DEFINITION OF CARD SUPPLY REQUIREMENT

  20.  In order to define costs effectively, Cubic feels that the more information about the ID Card scheme the better. With this in mind, Cubic is interested in:

    —  How quickly will the Home Office expect to be able to replace ID Cards if lost?

    —  How many ID Cards are expected to be lost on a percentage basis?

    —  What is the expected life of the cards?

    —  With continuing technological developments, how regularly does the Home Office expect to refresh the ID Card's smartcard ability?

    —  What personal details does the Home Office wish the card to convey?

    —  What personal details will be printed on the external face of the card?

    —  What personal details will be contained within the microchip and what details are expected to be held centrally?

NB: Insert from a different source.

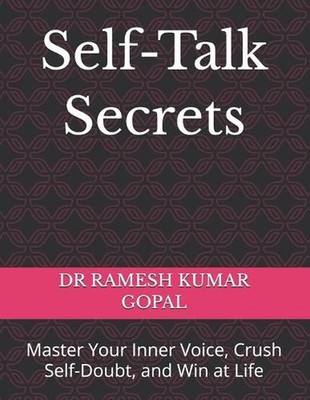 Self-Talk Secrets: Master Your Inner Voice, Crush Self-Doubt, and Win at Life by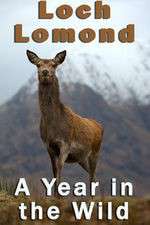 Watch Loch Lomond: A Year in the Wild Wootly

    —  What is the Home Office view on the cost of having to reissue cards every time the information on the card face changes?

    —  When personal details change, does the Home Office favour updating the card against updating the central database?

    —  How will the cost of card supply be balanced against infrastructure and card database costs?

    —  What timescale expectations does the Home Office have of delivering the card from design phase through to the initialisation stage?

  The answers to these questions will help save money and minimise excessive costs as they will nullify the cost inflation of unspecified contingency arrangements.

TYPE OF CARD SUPPLY REQUIREMENT

  21.  Together with the considerations highlighted above that will help reduce costs, Cubic strongly urge the Home Affairs Select Committee to call for a carefully defined requirement that enables open and fair commercial competition and that delivers value for money.

  22.  From industry experience, Cubic prefers a requirement that specifies the project outcome and key performance deliverables. This is based on the company's successful implementation of the largest European smartcard system under the Prestige contract for Transport for London.

  23.  A key lesson learned from this was that the requirement is best delivered if it is specific and unchanging in its objectives whilst providing bidding companies the opportunity to demonstrate their ability to provide the most competitive offer. This enabled Cubic, as part of the TranSys consortium, to deliver the OysterCard successfully. In this sense, so that companies, including Cubic, can respond to the OJEC effectively, Cubic would like to warn the Home Affairs Select Committee of the dangers of a prescriptive system requirement that stipulates a lengthy list of targets and one that is heavy in bureaucracy.